Please give again exactly the lines from the top of the material through the line with "Kootenay Valley Viewpoint"; omit each picture.

### Entries provided
Start of Block

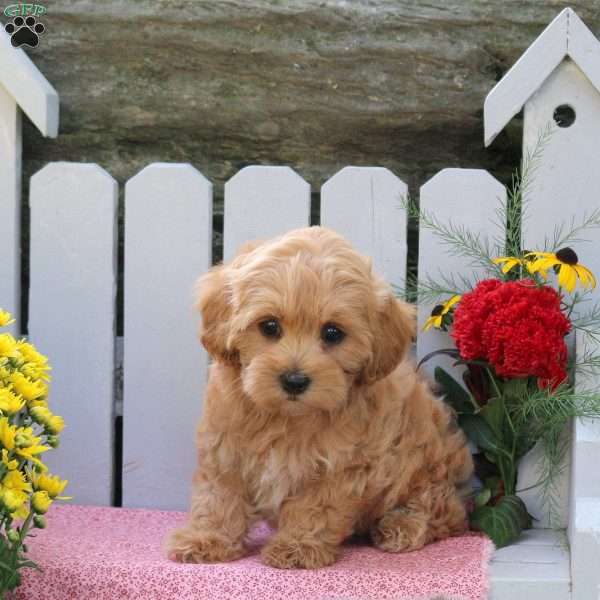 Makayla, Maltipoo Puppy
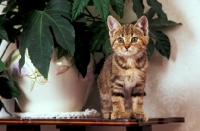 Picture of kitten standing on table next to a pot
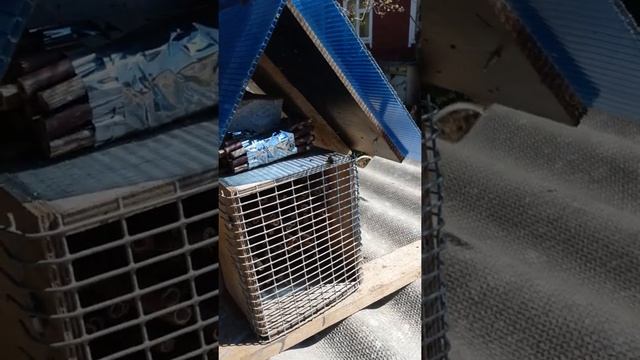 Домик для пчел Осмий. Первый приличный выводок. смотреть онлайн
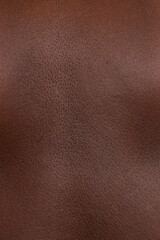 Full frame view of human skin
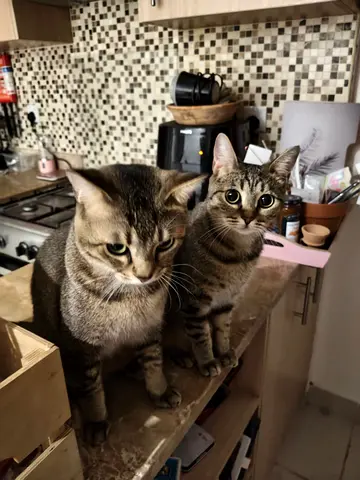 Two adorable tabby cats available for adoption – bonded pair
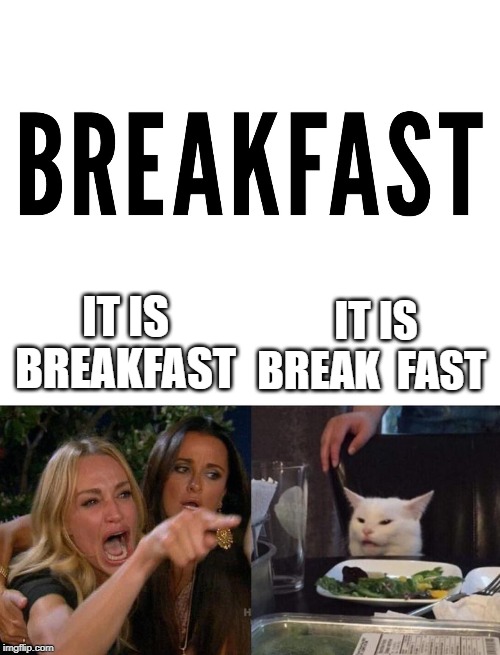 IT IS BREAK  FAST; IT IS BREAKFAST | image tagged in memes,woman yelling at cat | made w/ Imgflip meme maker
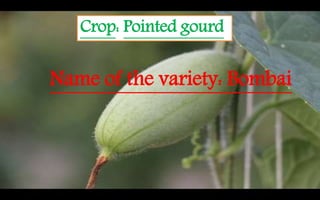 Crop: Pointed gourd
Name of the variety: Bombai
 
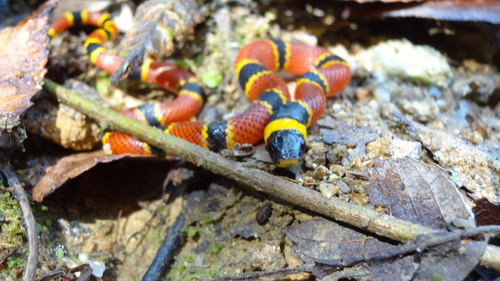 Brown's Coralsnake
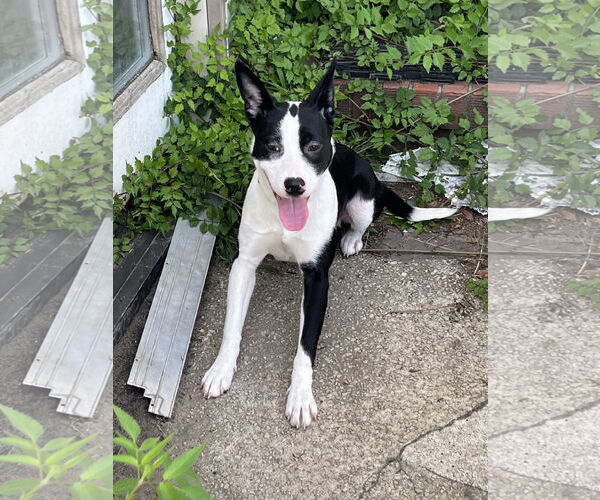 Medium Photo #1 Mutt Puppy For Sale in Jackson Township, NJ, USA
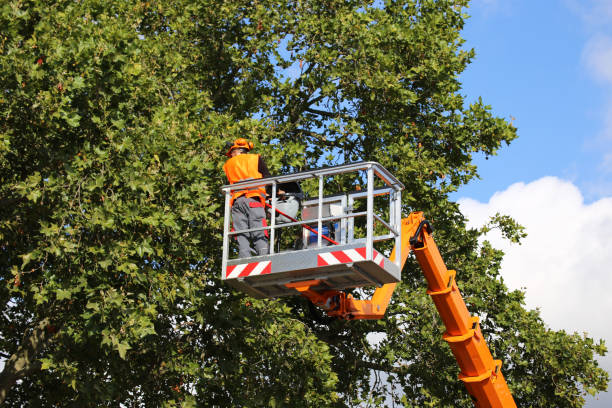 Nibley, UT Tree Services Company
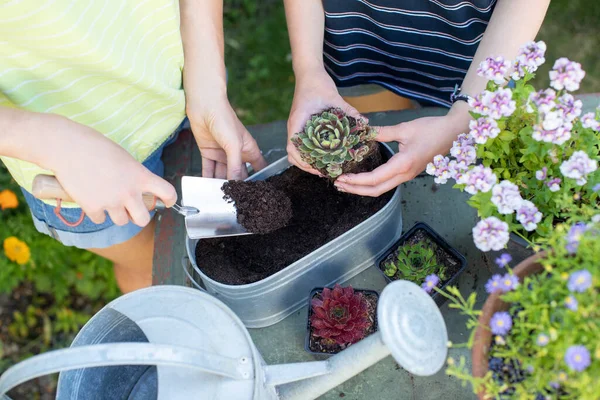 十代の娘が自宅で園芸している女性のオーバーヘッドショット金属プランターの屋外で成功した植物 — ストック写真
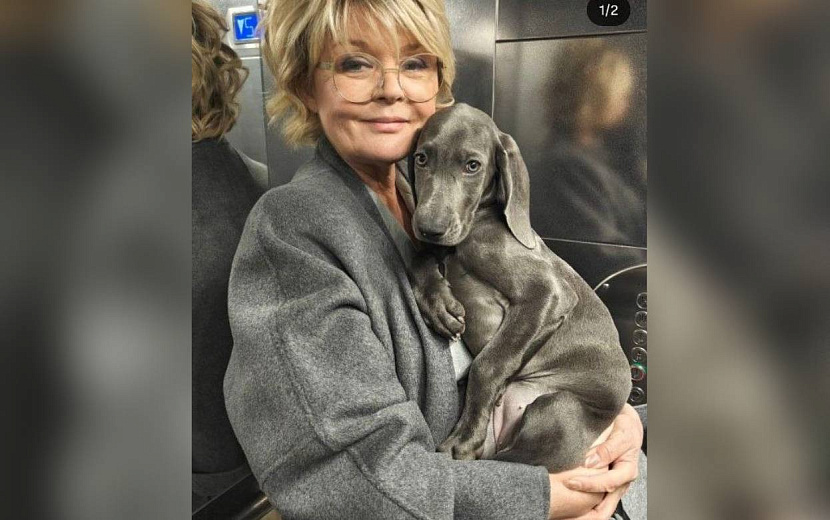 Фото: соцсети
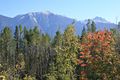 Kootenay Valley Viewpoint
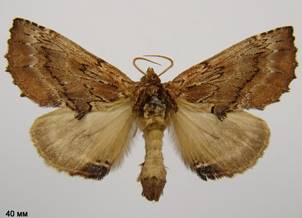 P.capucina_11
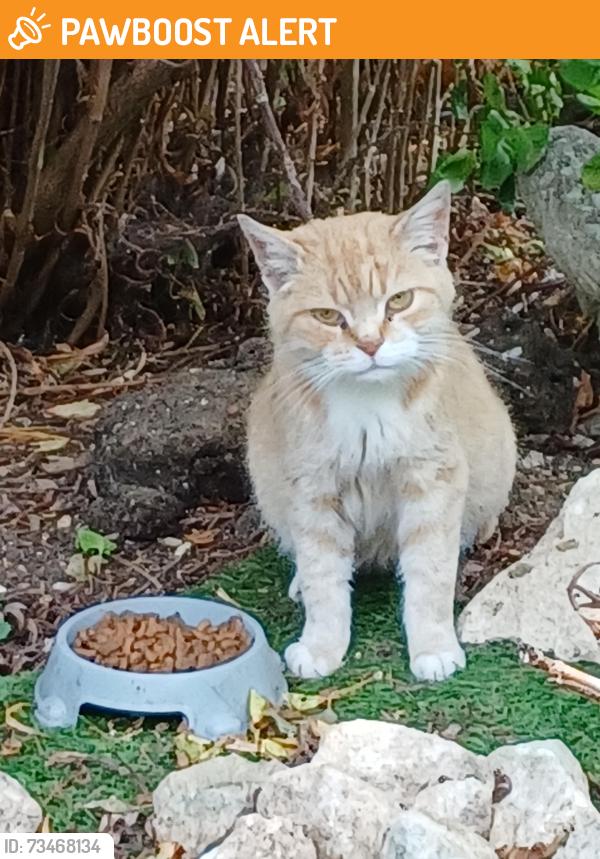 Found/Stray Unknown Cat last seen Between tetsworth village and Milton common, Tetsworth, England OX9 7AZ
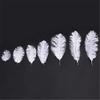 White Ostrich Feather Decor 15-70cm Big Long Ostrich Feathers Crafts Carnaval on The Middle of The Table Centerpiece Decorative - 100 Pcs view 2
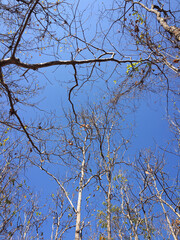 tree branches against blue sky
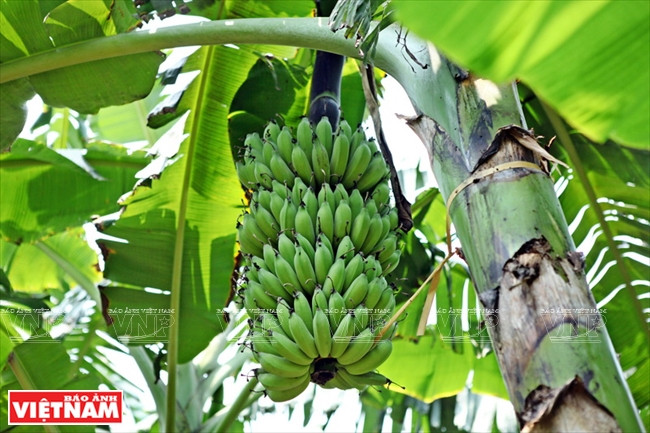 De beaux régimes de bananes qui attendent être récoltés.
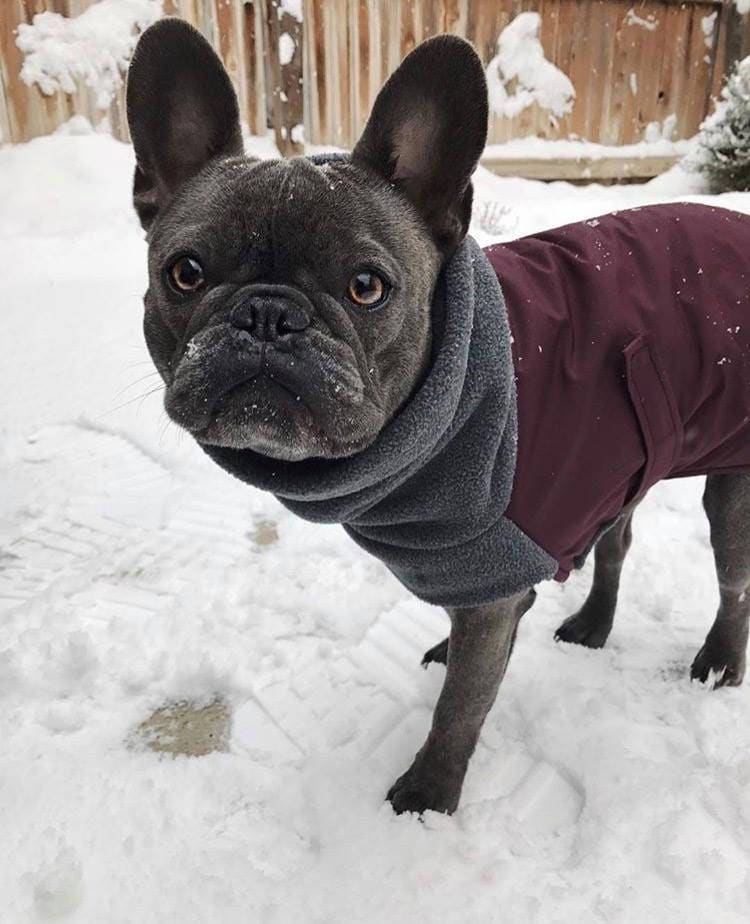 FRENCH BULLDOG Winter Coat Winter Dog Coat Waterproof Dog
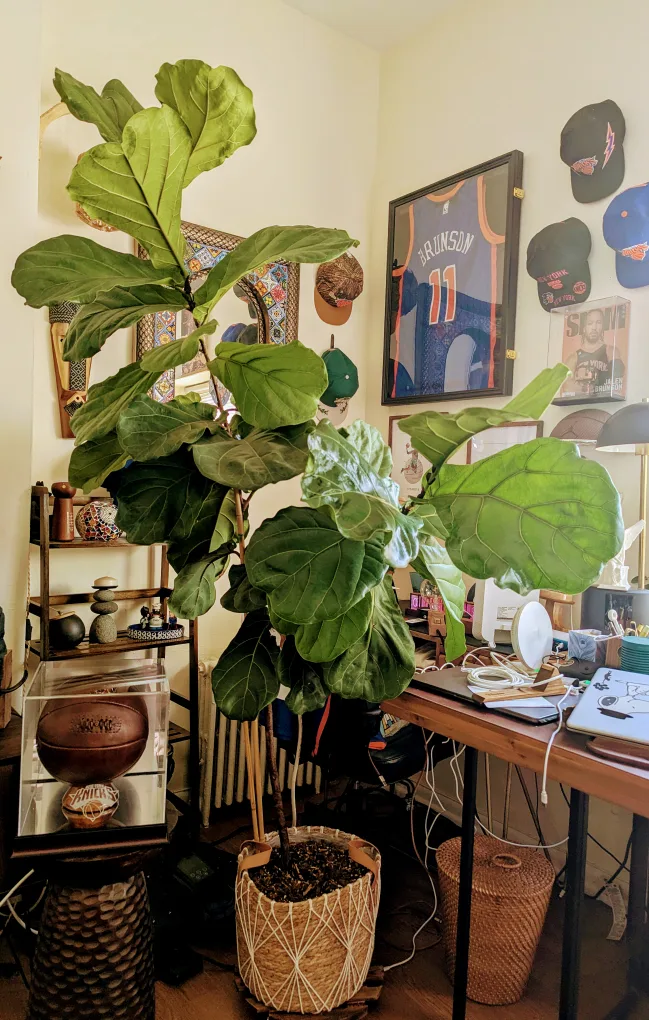 Fiddle Leaf Fig Tree image indicator(6)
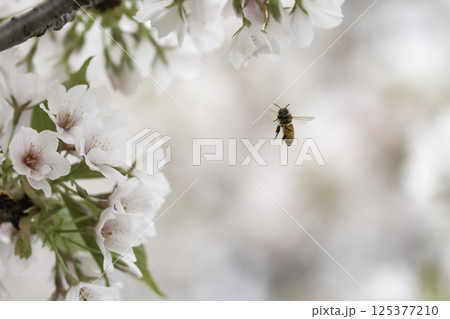 満開のさくらの花で集密するミツバチ 125377210
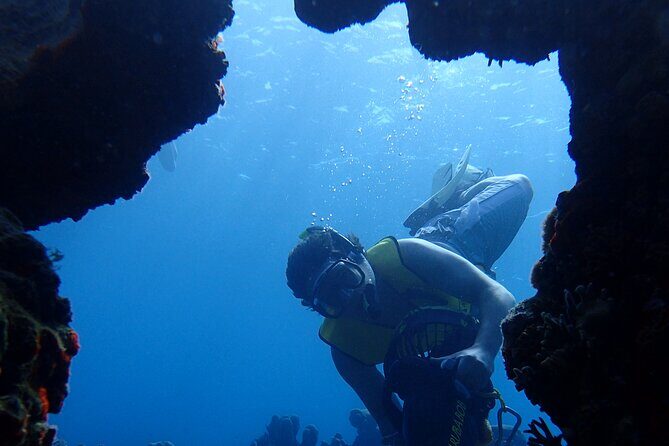 Small-Group Sea Scooters Snorkel at Mangel Halto Beach in Aruba - Meeting Points and Practical Details
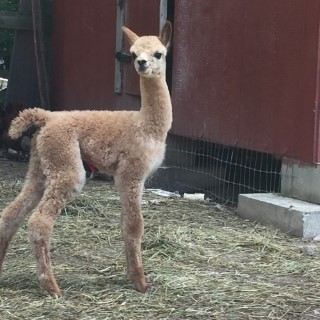 Queen B - Jeana's 2016 cria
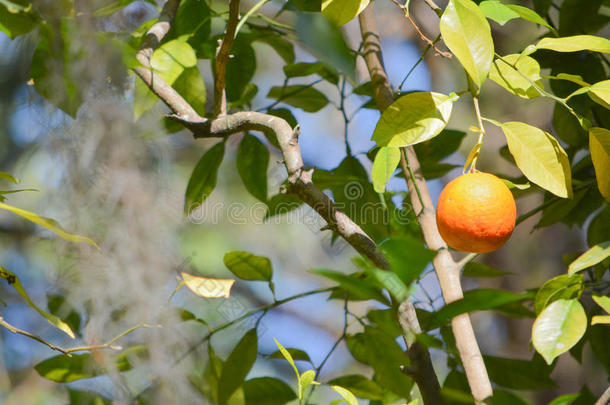 佛罗里达州坦帕湾附近一棵树上多汁的甜佛罗里达橘子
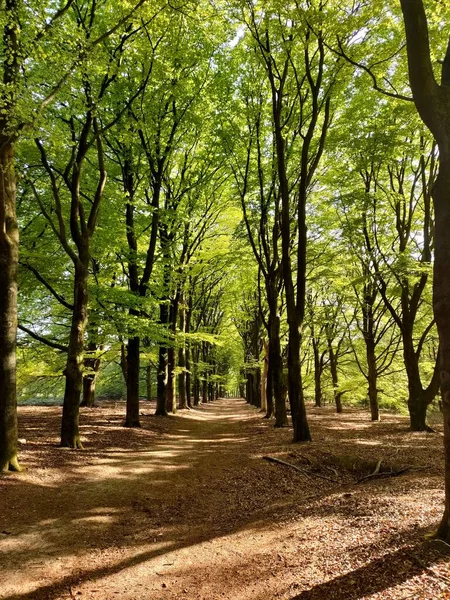 Вертикальний Знімок Високих Зелених Дерев Сонячним Світлом — стокове фото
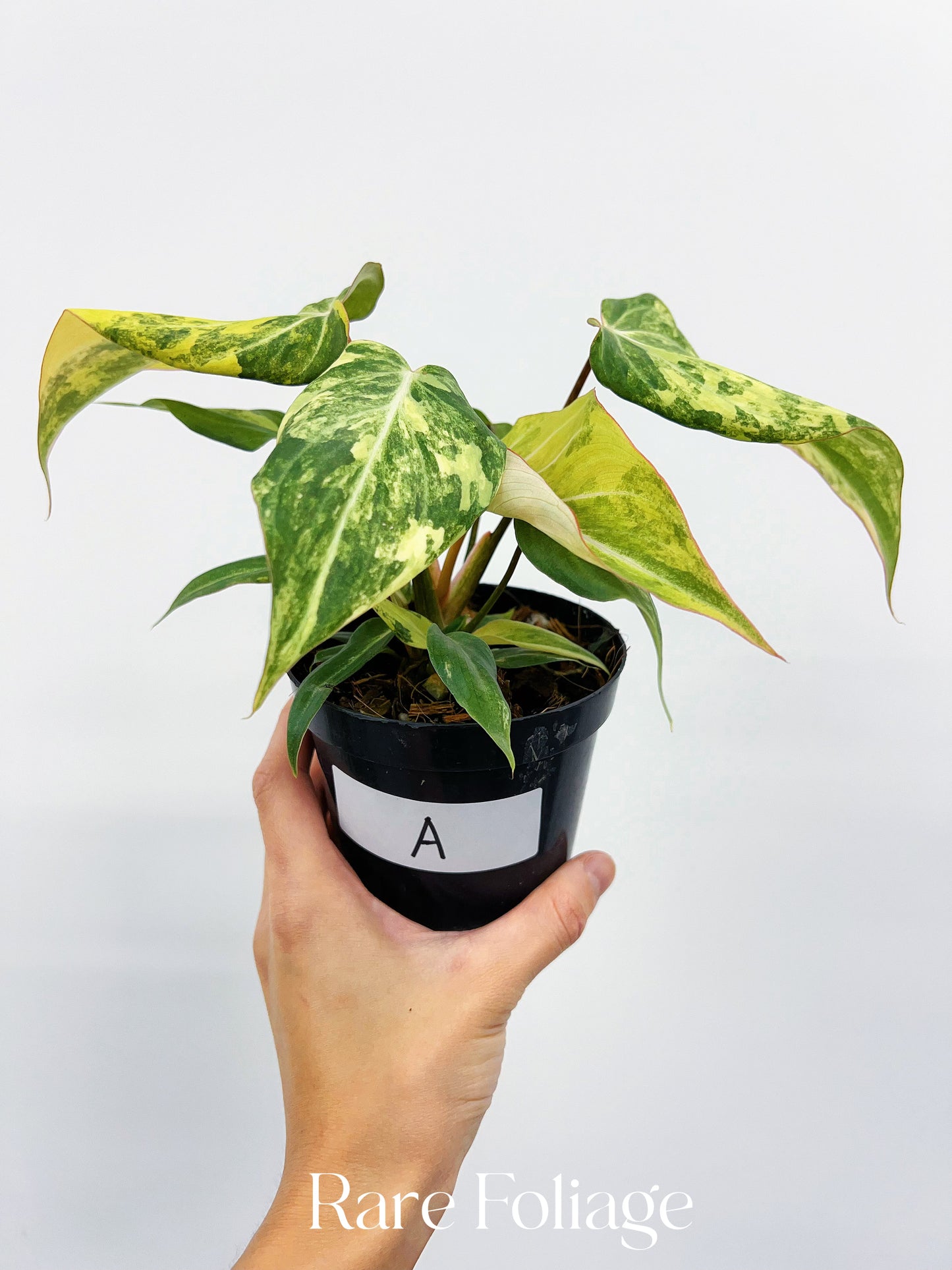 Philodendron Gloriosum Variegated 4"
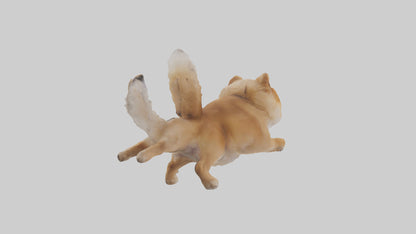 3D model Pomeranian jumping model VR / AR / low-poly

End of Block

### Result of the task
 Makayla, Maltipoo Puppy
 Picture of kitten standing on table next to a pot
 Домик для пчел Осмий. Первый приличный выводок. смотреть онлайн
 Full frame view of human skin
 Two adorable tabby cats available for adoption – bonded pair
 IT IS BREAK  FAST; IT IS BREAKFAST | image tagged in memes,woman yelling at cat | made w/ Imgflip meme maker
 Crop: Pointed gourd
Name of the variety: Bombai
 
 Brown's Coralsnake
 Medium Photo #1 Mutt Puppy For Sale in Jackson Township, NJ, USA
 Nibley, UT Tree Services Company
 十代の娘が自宅で園芸している女性のオーバーヘッドショット金属プランターの屋外で成功した植物 — ストック写真
 Фото: соцсети
 Kootenay Valley Viewpoint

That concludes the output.